I came across this over the social media channels and feel this sums up the problem with contemporary science research enterprise, the need to publish in big journals, the need to accumulate more data and controversially, if Watson and Crick submitted their Nobel Prize winning paper now, it would have been rejected! 

 

Enjoy!

 

Accelerating Scientific Publication in Biology
Ronald D Vale
doi: http://dx.doi.org/10.1101/022368
url: http://biorxiv.org/content/early/2015/07/11/022368
 
 
Abstract

Scientific publications enable results and ideas to be transmitted throughout the scientific community. The number and type of journal publications also have become the primary criteria used in evaluating career advancement.

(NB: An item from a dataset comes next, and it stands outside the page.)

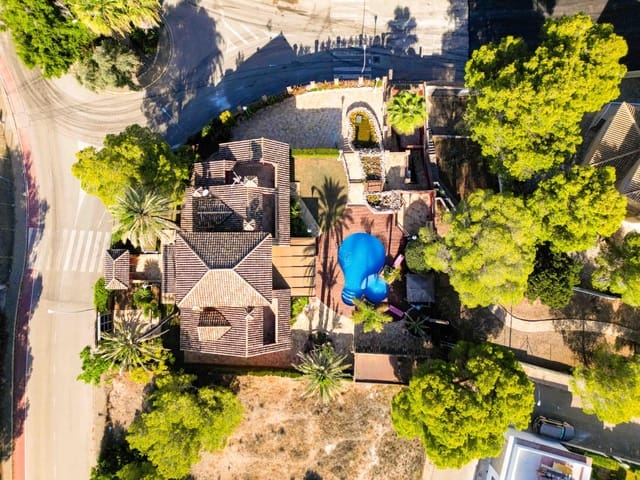 5 sypialnia Willa na sprzedaż w Dehesa de Campoamor, Orihuela z basenem garażem - 1 250 000 € (Ref: 9637538)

Our analysis suggests that publication practices have changed considerably in the life sciences over the past thirty years. Considerably more experimental data is now required for publication, and the average time required for graduate students to publish their first paper has increased and is approaching the desirable duration of Ph.D. training. Since publication is generally a requirement for career progression, schemes to reduce the time of graduate student and postdoctoral training may be difficult to implement without also considering new mechanisms for accelerating communication of their work. The increasing time to publication also delays potential catalytic effects that ensue when many scientists have access to new information. The time has come for the life scientists, funding agencies, and publishers to discuss how to communicate new findings in a way that best serves the interests of the public and scientific community.

-methylnick-

But then, it seems like there were less frauds back then than there are now, no?

-gvbdxz-

Thanks for the share, though. We'll have a look

-gvbdxz-

gvbdxz on Mon Aug 10 00:14:06 2015 said:

But then, it seems like there were less frauds back then than there are now, no?

Perhaps, hard to tell.

 

There is more control now so more chance to catch it...

 

Its hard to tell.

 

Fraud is from all times, but perhaps due to the harder climate people are more likely to go that way?

-pito-

and you have better means to find them (databases, searchable text, software)...even good old Mendel was/is suspicious (doi:10.1080/00033799800200111)

-hobglobin-

Watson & Crick's paper would have been rejected these days for brevity and not waffling on and on.   The very statement "It has not escaped our notice that the specific pairing that we have postulated immediately suggests a possible copying mechanism for the genetic material" would have been a red flag and they'd have been instructed to clarify.

 

I find it funny that the concept of fraud has since been raised in this thread considering Rosalind Franklin's treatment and how W&C obtained her data.